After one of the coldest Aprils on record, the Midwest was significantly warmer during the first week of May
(Figure 1). Temperatures were above normal across the entire Midwest. Many in the central Midwest, Wisconsin and southeastern Minnesota were 7-10°F above normal. Maximum temperatures were a major factor, as most of the region averaged 70°F and above (Figure 2). However, many of the more than 200 daily records were high minimum temperature records
Wet for Iowa, Wisconsin and Michigan
Several days of wet weather across Iowa, Wisconsin and parts of Michigan led to more than two inches of rainfall during the period (Figure 4). In many cases, this was two to five times the normal amount
(Figure 5). Most of this precipitation fell through the mornings of May 2 (Figure 6), May 3
(Figure 7) and May 4 (Figure 8). More than 150 daily precipitation records were recorded during the period
(Figure 9). Meanwhile, most of Minnesota, Illinois, Indiana, Ohio and western Missouri were much drier. Parts of Minnesota, northern Wisconsin and the western U.P. of Michigan had less than a quarter of the normal amount, while central Indiana and west central Ohio had less than half.
At least one report of severe weather occurred on each day of the period (Figure 10). Hail reports were common in western Iowa from several long-track storms on May 1. Strong winds and large hail pummeled northern Illinois, southern Wisconsin, southern Lower Michigan and western Missouri on May 2. Two-inch and larger hail was reported, including a 2.50-inch report near Rockford, IL and near Williams Bay, WI (Walworth County). Several tornadoes were also reported in Missouri, including an EF-1 tornado near Squires (Douglas County). Several weak tornadoes were reported in central Iowa on May 3. Strong winds were reported along Lake Erie on May 4 on the western edge of severe storms in the northeast. Several isolated reports occurred along the Ohio River Valley on May 5-7, including a 2.50-inch hail stone near Harlan, KY (Harlan County) on May 5.

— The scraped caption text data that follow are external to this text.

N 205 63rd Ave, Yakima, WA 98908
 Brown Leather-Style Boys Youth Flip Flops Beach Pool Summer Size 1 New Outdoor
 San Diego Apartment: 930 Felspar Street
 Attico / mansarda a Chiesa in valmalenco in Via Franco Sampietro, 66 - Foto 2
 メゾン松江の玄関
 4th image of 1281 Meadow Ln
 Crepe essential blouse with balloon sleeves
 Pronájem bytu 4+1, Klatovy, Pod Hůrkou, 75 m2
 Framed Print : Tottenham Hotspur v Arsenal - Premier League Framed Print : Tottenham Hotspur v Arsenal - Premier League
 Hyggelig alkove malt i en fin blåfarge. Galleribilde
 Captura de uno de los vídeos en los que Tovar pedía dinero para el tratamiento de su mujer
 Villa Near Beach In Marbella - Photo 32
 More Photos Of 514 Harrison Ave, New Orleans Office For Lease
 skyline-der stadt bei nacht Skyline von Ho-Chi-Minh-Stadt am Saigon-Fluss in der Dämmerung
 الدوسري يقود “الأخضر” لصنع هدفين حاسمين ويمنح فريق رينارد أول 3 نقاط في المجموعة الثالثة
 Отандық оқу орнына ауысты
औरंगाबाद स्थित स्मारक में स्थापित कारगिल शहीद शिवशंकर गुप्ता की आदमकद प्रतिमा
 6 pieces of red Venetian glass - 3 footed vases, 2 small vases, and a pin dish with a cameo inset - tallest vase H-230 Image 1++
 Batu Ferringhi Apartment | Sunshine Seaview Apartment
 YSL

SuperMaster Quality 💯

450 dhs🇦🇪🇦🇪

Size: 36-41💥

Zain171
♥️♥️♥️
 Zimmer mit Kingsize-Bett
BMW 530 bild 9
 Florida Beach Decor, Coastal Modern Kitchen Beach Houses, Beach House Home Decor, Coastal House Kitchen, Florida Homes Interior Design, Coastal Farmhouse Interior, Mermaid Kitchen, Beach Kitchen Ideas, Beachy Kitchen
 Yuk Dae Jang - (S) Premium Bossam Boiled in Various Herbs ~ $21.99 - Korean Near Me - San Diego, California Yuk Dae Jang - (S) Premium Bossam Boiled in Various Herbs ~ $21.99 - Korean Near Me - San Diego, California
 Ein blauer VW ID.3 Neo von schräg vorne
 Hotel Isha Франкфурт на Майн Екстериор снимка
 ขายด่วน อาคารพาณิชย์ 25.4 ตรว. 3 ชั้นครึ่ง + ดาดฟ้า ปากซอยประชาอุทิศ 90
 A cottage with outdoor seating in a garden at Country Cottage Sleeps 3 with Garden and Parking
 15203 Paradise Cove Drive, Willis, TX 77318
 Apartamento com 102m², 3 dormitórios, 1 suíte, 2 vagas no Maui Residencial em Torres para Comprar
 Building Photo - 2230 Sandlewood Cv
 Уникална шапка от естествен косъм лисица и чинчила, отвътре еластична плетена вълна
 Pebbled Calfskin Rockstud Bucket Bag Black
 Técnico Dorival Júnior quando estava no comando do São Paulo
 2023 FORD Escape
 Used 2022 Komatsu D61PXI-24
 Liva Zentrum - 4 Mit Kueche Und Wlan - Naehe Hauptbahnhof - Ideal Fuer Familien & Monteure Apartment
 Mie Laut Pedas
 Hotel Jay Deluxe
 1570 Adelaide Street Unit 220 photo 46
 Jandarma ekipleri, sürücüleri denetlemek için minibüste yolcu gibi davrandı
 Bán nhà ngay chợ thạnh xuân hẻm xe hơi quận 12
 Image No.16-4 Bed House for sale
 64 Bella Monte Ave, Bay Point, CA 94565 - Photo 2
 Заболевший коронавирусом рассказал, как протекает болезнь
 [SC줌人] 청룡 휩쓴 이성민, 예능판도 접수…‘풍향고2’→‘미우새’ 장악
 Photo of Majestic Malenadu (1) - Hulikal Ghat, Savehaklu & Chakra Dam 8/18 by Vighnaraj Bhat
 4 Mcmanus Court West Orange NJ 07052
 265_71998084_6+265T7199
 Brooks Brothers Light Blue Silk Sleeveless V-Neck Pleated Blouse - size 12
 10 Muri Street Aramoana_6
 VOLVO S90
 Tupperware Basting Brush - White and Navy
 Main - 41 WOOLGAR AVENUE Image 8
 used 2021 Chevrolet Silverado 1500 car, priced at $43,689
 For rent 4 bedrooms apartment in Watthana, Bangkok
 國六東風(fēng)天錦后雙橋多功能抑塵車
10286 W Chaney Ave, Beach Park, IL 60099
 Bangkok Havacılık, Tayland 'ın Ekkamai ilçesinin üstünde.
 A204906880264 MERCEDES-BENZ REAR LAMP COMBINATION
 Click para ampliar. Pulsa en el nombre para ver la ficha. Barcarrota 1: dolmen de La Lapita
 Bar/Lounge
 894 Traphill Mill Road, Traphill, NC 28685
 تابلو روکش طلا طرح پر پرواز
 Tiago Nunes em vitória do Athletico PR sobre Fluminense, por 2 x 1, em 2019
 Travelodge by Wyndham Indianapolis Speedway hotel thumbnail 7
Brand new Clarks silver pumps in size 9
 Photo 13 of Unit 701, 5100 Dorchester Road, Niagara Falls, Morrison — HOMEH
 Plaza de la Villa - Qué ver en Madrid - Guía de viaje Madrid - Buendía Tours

Mississippi River Flooding
Rapid snowmelt in the Upper Mississippi River Valley led to minor and moderate flooding along the Mississippi River from southeastern Minnesota through northeastern Missouri. Moderate flooding occurred from Dubuque, IA
(Figure 11) through the Quad Cities (Figure 12) and as far south as Burlington, IA (Figure 13, Des Moines County). An accident near Dubuque, IA led to multiple barges becoming loose against Lock and Dam 11 on the river. Flooding and stronger than normal flow made retrieving these barges difficult. No damage was reported to the dam.